Data listing: Begin
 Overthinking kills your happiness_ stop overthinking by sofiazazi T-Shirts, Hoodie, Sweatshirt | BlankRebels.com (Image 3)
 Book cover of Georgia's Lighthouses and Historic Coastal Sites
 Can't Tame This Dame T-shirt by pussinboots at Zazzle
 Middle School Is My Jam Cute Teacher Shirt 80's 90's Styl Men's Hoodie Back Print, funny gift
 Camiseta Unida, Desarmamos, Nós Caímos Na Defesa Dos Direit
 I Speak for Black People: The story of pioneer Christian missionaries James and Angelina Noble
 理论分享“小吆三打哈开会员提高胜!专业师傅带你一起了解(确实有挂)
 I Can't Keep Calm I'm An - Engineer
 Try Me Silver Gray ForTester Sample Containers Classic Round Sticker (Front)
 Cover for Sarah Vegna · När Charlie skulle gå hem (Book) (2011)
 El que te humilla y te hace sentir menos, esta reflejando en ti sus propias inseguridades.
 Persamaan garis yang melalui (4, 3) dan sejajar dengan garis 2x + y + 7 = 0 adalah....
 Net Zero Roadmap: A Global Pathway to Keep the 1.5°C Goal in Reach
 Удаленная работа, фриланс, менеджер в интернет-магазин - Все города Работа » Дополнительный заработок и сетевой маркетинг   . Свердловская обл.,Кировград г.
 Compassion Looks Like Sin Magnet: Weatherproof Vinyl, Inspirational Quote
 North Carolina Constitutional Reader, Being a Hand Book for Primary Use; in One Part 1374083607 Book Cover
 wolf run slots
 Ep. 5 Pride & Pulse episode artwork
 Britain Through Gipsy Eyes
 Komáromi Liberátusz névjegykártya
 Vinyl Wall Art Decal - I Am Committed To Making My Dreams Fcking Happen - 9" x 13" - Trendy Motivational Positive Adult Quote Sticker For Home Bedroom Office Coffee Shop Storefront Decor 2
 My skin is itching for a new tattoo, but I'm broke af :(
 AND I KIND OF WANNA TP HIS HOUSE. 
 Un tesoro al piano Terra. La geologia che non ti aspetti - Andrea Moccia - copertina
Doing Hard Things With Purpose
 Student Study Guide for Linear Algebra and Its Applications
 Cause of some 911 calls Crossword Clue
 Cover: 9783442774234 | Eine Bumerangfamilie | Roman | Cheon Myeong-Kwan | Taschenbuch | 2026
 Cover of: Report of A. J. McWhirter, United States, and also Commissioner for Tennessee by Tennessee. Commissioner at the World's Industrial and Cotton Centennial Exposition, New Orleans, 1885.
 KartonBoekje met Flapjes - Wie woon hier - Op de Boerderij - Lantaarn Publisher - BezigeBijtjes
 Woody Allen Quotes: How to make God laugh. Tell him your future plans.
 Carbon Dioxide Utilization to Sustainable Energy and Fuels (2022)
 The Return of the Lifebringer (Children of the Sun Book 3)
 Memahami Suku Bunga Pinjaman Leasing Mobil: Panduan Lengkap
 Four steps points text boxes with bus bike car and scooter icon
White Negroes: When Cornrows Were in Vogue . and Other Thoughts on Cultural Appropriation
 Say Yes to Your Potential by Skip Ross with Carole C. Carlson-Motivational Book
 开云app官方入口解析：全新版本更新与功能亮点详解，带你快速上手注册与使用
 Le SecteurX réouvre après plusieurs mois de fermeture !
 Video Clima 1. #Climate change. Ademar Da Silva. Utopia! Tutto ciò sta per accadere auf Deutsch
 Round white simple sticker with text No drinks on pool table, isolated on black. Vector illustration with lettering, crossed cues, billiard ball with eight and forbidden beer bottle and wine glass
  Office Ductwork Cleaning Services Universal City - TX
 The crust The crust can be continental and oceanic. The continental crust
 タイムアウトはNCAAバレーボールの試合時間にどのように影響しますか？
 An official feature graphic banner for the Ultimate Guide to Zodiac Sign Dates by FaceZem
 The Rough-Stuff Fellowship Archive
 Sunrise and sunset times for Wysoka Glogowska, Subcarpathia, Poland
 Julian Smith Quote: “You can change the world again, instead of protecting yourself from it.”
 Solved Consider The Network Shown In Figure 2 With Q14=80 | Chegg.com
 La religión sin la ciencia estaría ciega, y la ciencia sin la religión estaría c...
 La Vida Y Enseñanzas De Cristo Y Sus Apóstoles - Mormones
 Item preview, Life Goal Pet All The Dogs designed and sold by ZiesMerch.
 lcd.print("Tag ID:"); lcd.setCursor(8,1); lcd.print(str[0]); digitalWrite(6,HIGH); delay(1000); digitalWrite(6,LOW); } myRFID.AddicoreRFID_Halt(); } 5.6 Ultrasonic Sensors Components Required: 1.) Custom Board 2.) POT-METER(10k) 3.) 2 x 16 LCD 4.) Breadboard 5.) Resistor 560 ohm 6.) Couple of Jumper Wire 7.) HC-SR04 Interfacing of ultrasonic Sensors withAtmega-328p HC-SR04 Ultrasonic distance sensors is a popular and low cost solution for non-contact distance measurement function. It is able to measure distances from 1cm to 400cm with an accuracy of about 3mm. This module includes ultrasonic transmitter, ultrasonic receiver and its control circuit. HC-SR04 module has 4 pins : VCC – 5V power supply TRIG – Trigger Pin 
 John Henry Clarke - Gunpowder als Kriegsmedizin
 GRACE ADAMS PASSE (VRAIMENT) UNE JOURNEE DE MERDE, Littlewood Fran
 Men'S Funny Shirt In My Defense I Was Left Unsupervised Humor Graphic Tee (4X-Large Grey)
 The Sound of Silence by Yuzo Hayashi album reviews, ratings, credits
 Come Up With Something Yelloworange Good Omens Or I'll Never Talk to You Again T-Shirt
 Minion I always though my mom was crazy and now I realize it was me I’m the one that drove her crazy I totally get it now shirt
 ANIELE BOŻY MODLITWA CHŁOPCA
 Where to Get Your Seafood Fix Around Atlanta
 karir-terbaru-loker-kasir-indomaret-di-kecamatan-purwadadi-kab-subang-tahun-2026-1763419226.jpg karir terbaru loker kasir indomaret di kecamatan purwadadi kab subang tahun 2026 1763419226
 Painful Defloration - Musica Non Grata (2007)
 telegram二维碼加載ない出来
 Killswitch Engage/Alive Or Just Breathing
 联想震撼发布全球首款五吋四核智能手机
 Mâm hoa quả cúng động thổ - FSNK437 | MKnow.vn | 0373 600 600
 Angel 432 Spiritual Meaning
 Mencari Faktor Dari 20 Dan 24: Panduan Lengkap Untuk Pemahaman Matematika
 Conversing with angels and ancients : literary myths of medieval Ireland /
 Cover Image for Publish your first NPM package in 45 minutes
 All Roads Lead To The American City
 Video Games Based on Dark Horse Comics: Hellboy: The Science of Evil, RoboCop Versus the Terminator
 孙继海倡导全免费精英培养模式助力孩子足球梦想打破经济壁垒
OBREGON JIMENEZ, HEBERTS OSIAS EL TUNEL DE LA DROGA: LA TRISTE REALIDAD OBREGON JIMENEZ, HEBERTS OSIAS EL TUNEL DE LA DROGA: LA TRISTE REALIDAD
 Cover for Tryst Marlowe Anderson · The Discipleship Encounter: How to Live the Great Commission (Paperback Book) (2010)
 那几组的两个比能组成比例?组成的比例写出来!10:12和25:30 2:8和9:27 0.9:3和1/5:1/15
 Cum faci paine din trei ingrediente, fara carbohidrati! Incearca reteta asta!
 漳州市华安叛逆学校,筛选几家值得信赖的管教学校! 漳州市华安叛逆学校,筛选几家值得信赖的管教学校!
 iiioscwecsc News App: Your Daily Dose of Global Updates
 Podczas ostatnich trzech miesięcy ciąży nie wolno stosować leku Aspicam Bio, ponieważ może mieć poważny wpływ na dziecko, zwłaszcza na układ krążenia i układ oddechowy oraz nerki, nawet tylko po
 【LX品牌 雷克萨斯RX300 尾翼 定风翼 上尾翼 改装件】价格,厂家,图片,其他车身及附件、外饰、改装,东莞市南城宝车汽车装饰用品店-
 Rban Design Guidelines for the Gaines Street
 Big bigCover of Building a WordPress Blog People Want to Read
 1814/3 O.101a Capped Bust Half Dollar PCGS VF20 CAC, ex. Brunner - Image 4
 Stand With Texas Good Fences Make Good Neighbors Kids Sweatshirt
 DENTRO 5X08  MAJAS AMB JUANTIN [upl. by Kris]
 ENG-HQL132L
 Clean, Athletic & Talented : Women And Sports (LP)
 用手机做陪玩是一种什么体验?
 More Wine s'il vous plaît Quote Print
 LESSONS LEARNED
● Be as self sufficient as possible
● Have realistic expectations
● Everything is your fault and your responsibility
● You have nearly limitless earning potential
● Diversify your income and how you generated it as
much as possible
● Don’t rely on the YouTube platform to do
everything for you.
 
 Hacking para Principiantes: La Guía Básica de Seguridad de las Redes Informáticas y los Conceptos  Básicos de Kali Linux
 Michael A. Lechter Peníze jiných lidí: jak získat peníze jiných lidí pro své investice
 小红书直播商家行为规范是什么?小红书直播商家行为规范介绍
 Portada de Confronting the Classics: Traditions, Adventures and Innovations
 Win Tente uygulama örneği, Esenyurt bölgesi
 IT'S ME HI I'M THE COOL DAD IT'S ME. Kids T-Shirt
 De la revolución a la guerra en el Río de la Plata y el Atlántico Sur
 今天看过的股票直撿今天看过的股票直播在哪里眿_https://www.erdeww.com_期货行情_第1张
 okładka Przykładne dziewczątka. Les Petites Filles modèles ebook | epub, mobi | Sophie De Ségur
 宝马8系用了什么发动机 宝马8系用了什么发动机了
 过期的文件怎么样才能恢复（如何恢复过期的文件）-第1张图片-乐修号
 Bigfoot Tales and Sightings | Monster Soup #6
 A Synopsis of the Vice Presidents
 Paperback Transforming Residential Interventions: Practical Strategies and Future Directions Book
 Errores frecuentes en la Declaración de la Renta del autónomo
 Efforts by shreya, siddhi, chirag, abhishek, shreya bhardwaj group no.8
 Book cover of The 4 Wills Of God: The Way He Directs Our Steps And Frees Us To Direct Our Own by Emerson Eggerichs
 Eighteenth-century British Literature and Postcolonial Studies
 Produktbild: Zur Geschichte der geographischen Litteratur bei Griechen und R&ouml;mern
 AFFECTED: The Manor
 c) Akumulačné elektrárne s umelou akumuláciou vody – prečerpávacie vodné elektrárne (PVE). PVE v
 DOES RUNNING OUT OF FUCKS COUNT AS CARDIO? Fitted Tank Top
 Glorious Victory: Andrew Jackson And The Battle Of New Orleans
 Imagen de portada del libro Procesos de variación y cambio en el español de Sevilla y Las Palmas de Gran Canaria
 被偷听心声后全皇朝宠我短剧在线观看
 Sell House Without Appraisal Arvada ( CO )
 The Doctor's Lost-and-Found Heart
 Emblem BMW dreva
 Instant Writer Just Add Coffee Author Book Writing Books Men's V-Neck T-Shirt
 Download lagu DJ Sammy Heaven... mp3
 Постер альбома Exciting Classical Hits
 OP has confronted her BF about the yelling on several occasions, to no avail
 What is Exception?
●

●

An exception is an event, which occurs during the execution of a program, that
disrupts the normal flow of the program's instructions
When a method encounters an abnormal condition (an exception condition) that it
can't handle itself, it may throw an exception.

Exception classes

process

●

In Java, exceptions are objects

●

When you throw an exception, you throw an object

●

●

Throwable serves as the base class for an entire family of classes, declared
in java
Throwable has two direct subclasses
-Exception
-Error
Data listing: End
**Task objective**: Give back exactly the lines of the listing above that run from the line with "联想震撼发布全球首款五吋四核智能手机" to the line with "孙继海倡导全免费精英培养模式助力孩子足球梦想打破经济壁垒", inclusive.

**Result of the task**:
 联想震撼发布全球首款五吋四核智能手机
 Mâm hoa quả cúng động thổ - FSNK437 | MKnow.vn | 0373 600 600
 Angel 432 Spiritual Meaning
 Mencari Faktor Dari 20 Dan 24: Panduan Lengkap Untuk Pemahaman Matematika
 Conversing with angels and ancients : literary myths of medieval Ireland /
 Cover Image for Publish your first NPM package in 45 minutes
 All Roads Lead To The American City
 Video Games Based on Dark Horse Comics: Hellboy: The Science of Evil, RoboCop Versus the Terminator
 孙继海倡导全免费精英培养模式助力孩子足球梦想打破经济壁垒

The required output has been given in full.